Thai Spring Beef Stir-Fry

Thai Spring Beef Stir-Fry Photo: Con Poulos


  • 2 tablespoons fresh lime juice
  • 1 tablespoon water
  • 1 tablespoon brown sugar
  • 1 teaspoon reduced-sodium soy sauce
  • 1/4 teaspoon kosher salt
  • 1/4 teaspoon freshly ground pepper
  • Cooking spray
  • 1 (12-oz) top-round sirloin steak, thinly sliced crosswise
  • 2 teaspoons vegetable oil
  • 8 ounces snap peas, trimmed
  • 1 red jalapeno pepper, thinly sliced (seeded, if desired, for less heat)
  • 1/4 cup roasted peanuts, roughly chopped
  • 1/2 cup small mint leaves


1. Stir together lime juice, water, and next 4 ingredients (through pepper) in a cup; set aside.

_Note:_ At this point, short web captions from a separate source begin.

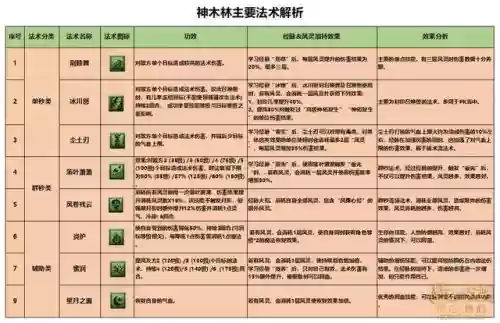 梦幻西游神木技能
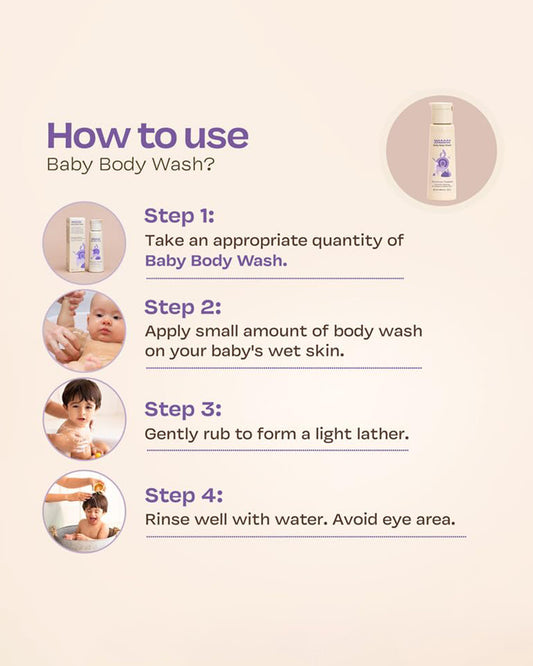 Maate Baby Body Wash-With Beetroot & Manjistha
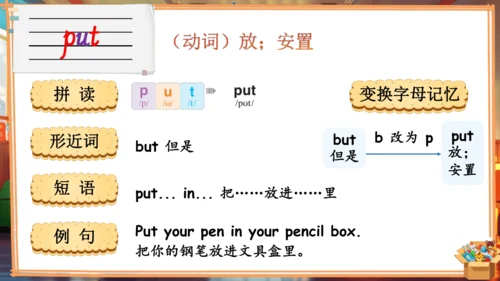 Unit 5 Old toys 单词导学课件(共19张PPT)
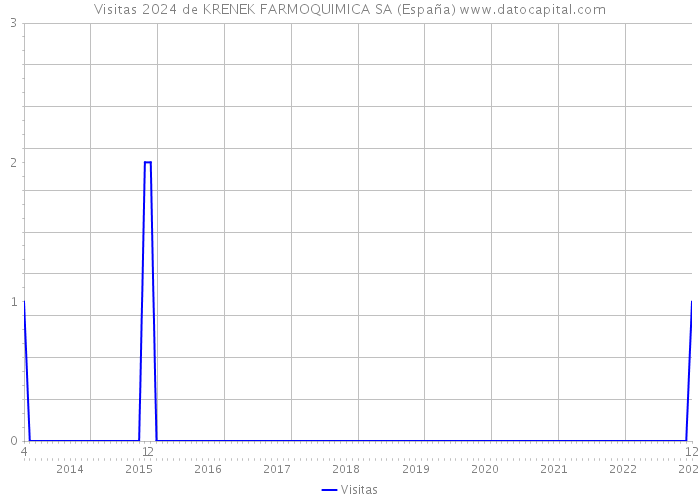 Visitas 2024 de KRENEK FARMOQUIMICA SA (España) 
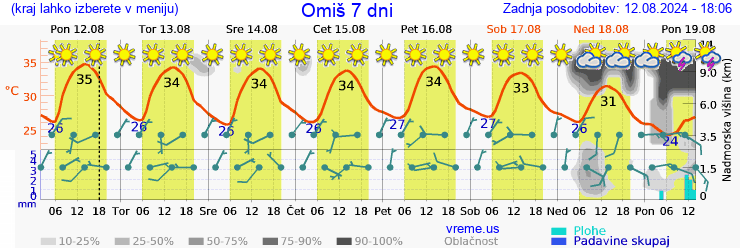 Vreme 7 dni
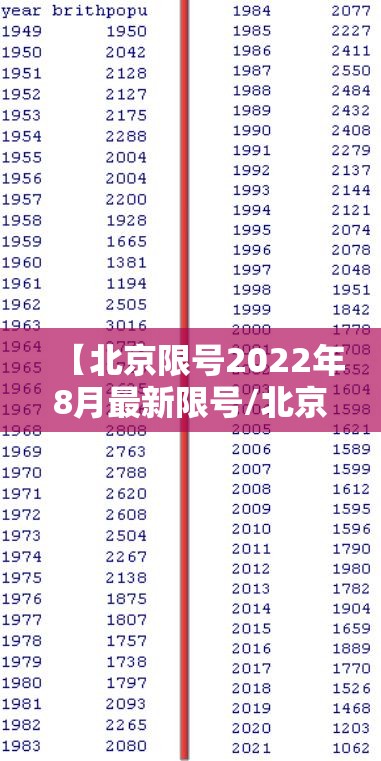 【北京限号2022年8月最新限号/北京限号2021年限号范围】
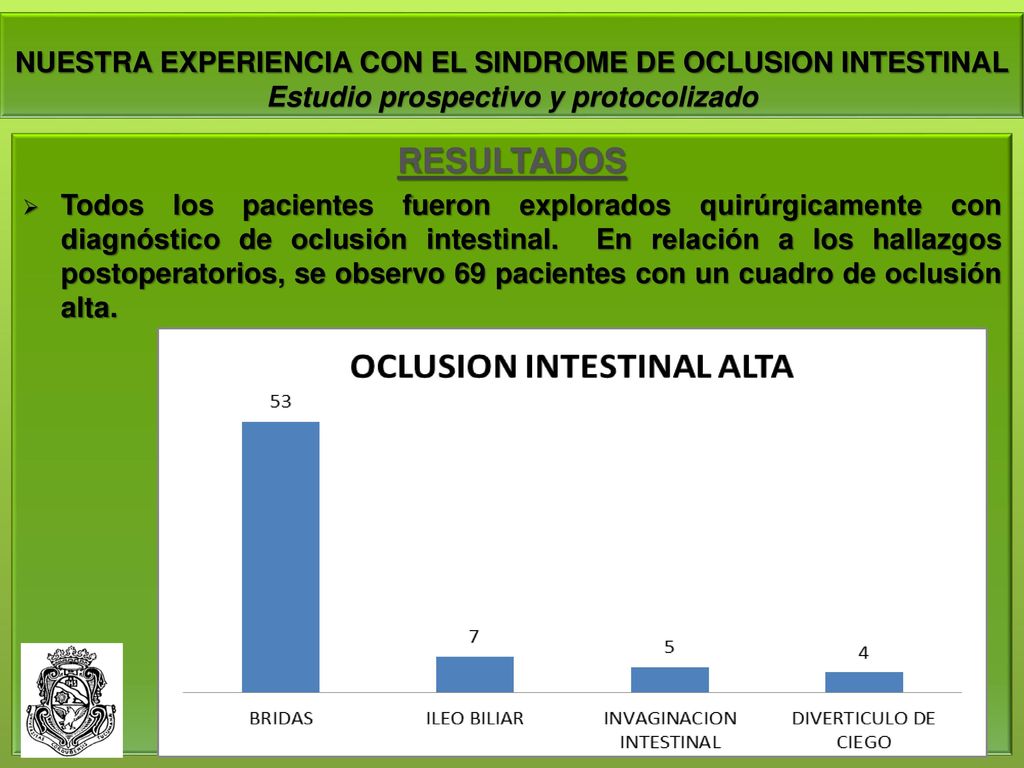 NUESTRA EXPERIENCIA CON EL SINDROME DE OCLUSION INTESTINAL Estudio prospectivo y protocolizado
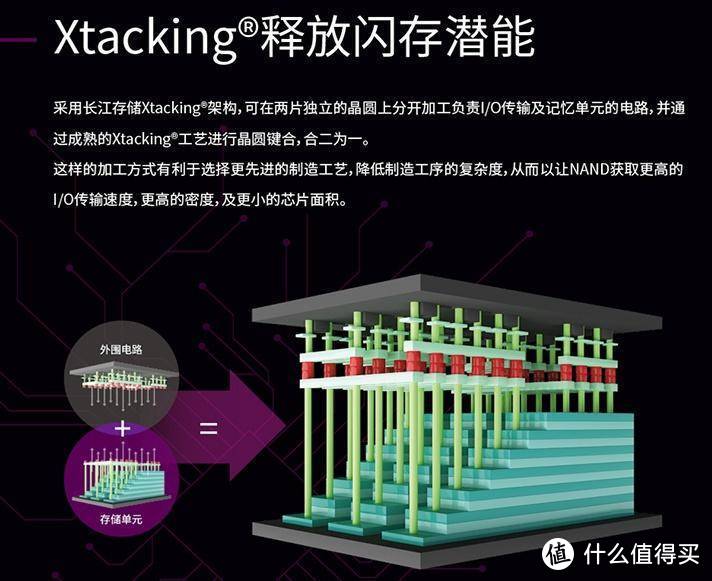 纯国产SATA固态硬盘光威弈系列Pro上手评测，速度喜人，国际大厂都被比下去了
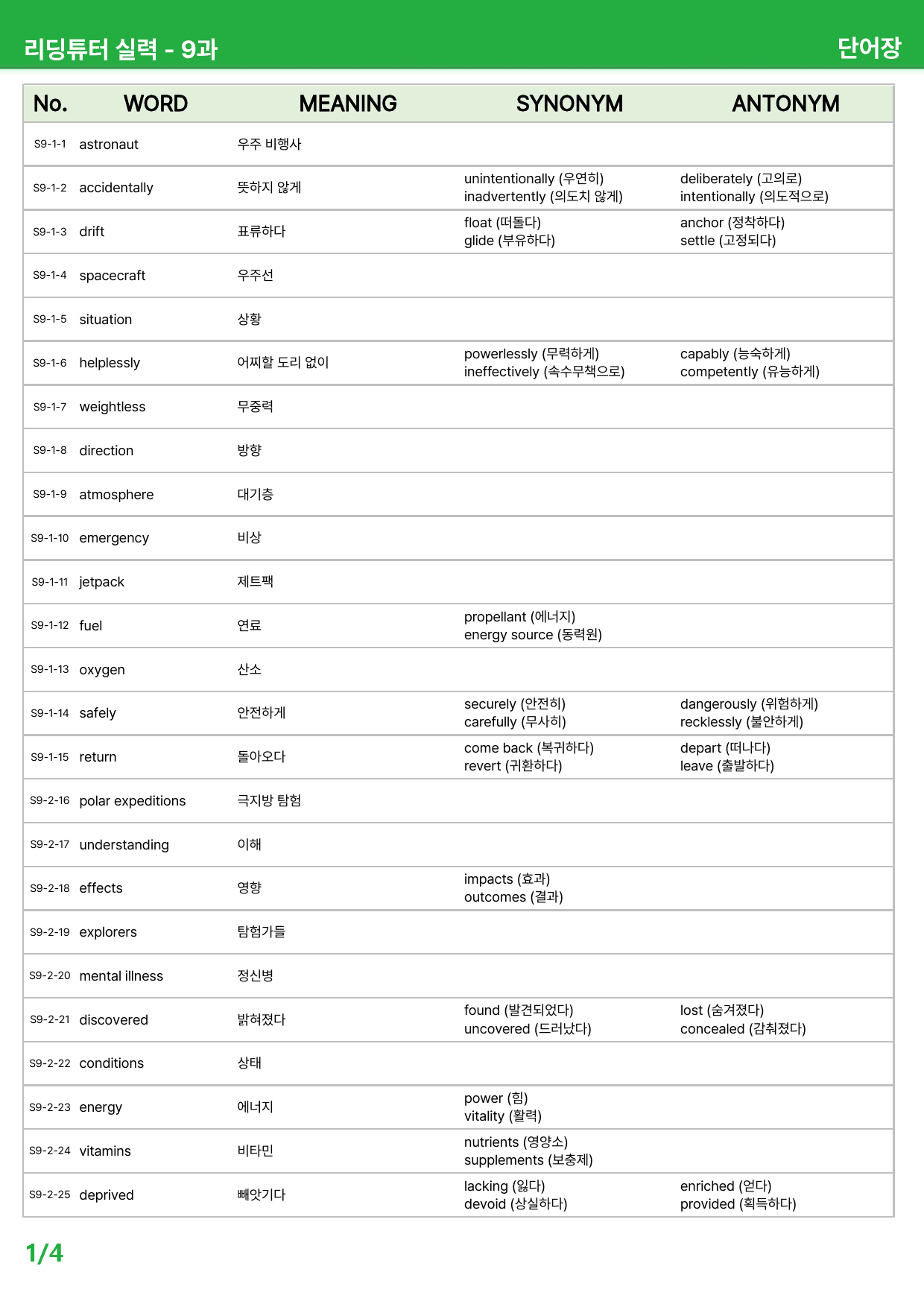 능률 리딩튜터 실력 9~10과 - 상세분석_preview_79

2. Heat a large, heavy skillet (such as cast iron) over high heat; lightly coat with cooking spray. Working in batches, if necessary, add steak to hot skillet in single layer; cook, without turning, until browned on 1 side and almost fully cooked (1-2 minutes). Transfer to a plate.

3. Heat oil in skillet over high heat. Add snap peas and cook until bright green and beginning to blister (2-3 minutes). Add jalapeño, peanuts, reserved beef (with juices), and reserved sauce to pan; cook until beef is done (about 1 minute). Toss with mint. Serve over brown rice, if desired.

  • Prep Time:
  • Cook Time:

  • For a quick dinner, cook up Thai Spring Beef Stir-Fry. You'll hardly need any oil when you sitr-fry this one-dish meal in a cast-iron skillet.
  • Yield: Makes 4 servings (serving size: 1 cup stir-fry)

Nutritional Information

Calories per serving: 243
Fat per serving: 13.5g
Saturated fat per serving: 3.2g
Monounsaturated fat per serving: 5.4g
Polyunsaturated fat per serving: 3.5g
Protein per serving: 19g
Carbohydrate per serving: 12g
Fiber per serving: 3g
Cholesterol per serving: 41mg
Iron per serving: 5mg
Sodium per serving: 217mg
Calcium per serving: 56mg

Good to Know

You hardly need any oil when you stir-fry in a cast-iron skillet—saving calories.